Research-Based Application of Composable GPU Solution to Multiple AI Training Usage
BACKGROUND
Along
with the mega-trends of cloud computing proliferation, AI growth, and Network
cloudification, a broader range of emerging workloads exerts pressure on data
centers to expand their infrastructure scale. Based on internal requirements
and research motivation, a widely known research institute sought a solution to
overcome future possible infrastructure restrictions. They wanted to design a
flexible and extensible fundamental architecture that could improve production
efficiency without tearing down or building new data centers.
This research team found that different hardware configuration affects
the performance of applications. Therefore, they turned to the elasticity of
the composable system to cater to the application requirements in different AI
workload environments. According to their hypothetic concept, this design has
to support multiple tasks by drawing resources from a pool with processors,
accelerators, storage, and network devices. They went online to search for
possible partners to complete this project, and they found H3. Since 2014, H3
has already worked on PCIe switch technology for years. Therefore, this
well-known institute reached H3.
SOLUTION
Traditionally, a server is used to pair up with fixed accelerators and
memory. No matter how much the workload is, the server uses the same package to
process. Such an operation leads to over or under-provisioning. H3’s PCIe
switch technology realizes the avant-garde concept of pooling all the resources
in individual chassis at a rack level. Disaggregated devices can be dynamically
distributed to upstream compute servers through PCIe interconnects, effectively
tackling the resource waste problem.
Standing
on the solid experiences of PCIe switch technology development, H3 had a
breakthrough in connecting Broadcom PEX9797 switches to maximize the number of
lanes (288 PCIe 3.0 lanes) for device and host linkage. Such an infrastructure
design outperforms the traditional one by non-blocking sharing independent
accelerators, storage, and communications at a rack level. Users can arrange
the needed lanes optimally according to application bandwidth requirements. For
example, the research team found that in a specific fixed configuration
environment, due to the interconnect bandwidth saturation, the GPU performance
faces the bottleneck as the bandwidth saturates by its maximum of 16 GB/s
(Figure 1&2).
In other words, no matter how many GPUs got
installed, that hardware system can only offer the performance of about four
GPUs. Thanks to PCIe switch technology, the bandwidth can earn the opportunity
to be raised or reduced with dynamic lane arrangement instead of being locked.

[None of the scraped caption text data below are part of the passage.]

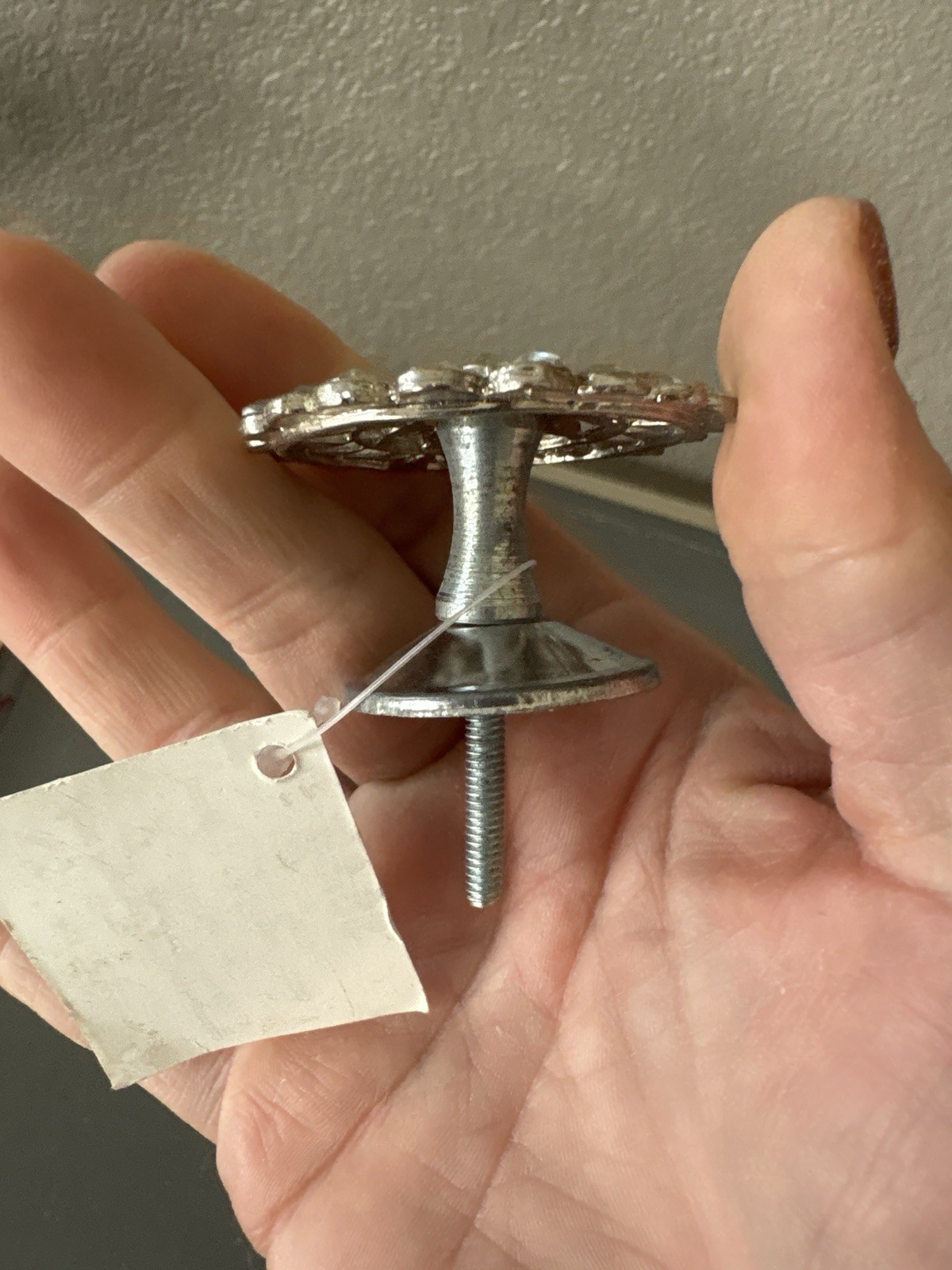 Vintage Silver Tone Floral Cabinet Knob Clear Faceted Flower Rhinestone Pull NOS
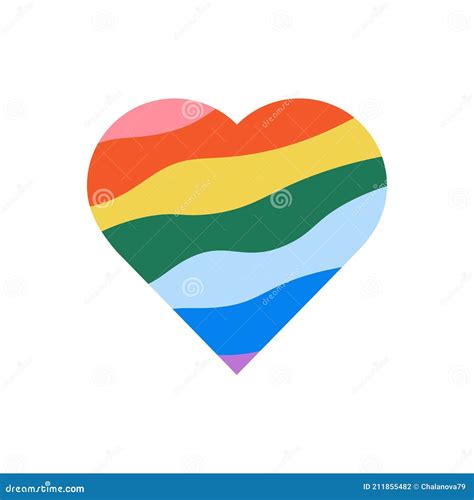 vector icon of rainbow heart lgbt community sign stock vector illustration of heart flag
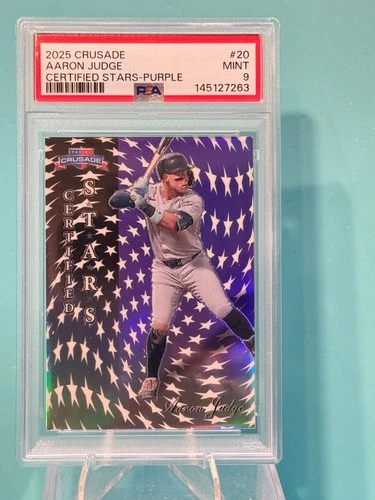 2025 Panini Crusade-Certified Stars Purple-Aaron Judge #20 /149-PSA 9 (Pop 1)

The number of GPUs turns meaningful. As well, the resources become composable
and arrangeable according to the tasks. For example, Figures 3 and 4 show
system can allocate different sets of accelerators to every server for their
specific workload, widely enhancing agility and flexibility.

RESULTS
According
to the research report, this research confirms that a composable system can
effectively buffer the influence of different component configurations on the
overall performance. One excerpt from their research paper that a researcher
can conduct AI workloads efficiently with the flexibility of the composable
system is a firm acknowledgment of our profession and hard work. Not only
having produced the valuable research paper, but this research team also
adopted composable solutions in their labs to run different AI workloads since
that time. This research team is still our customer, having purchased two
generations of PCIe composable systems and management solutions.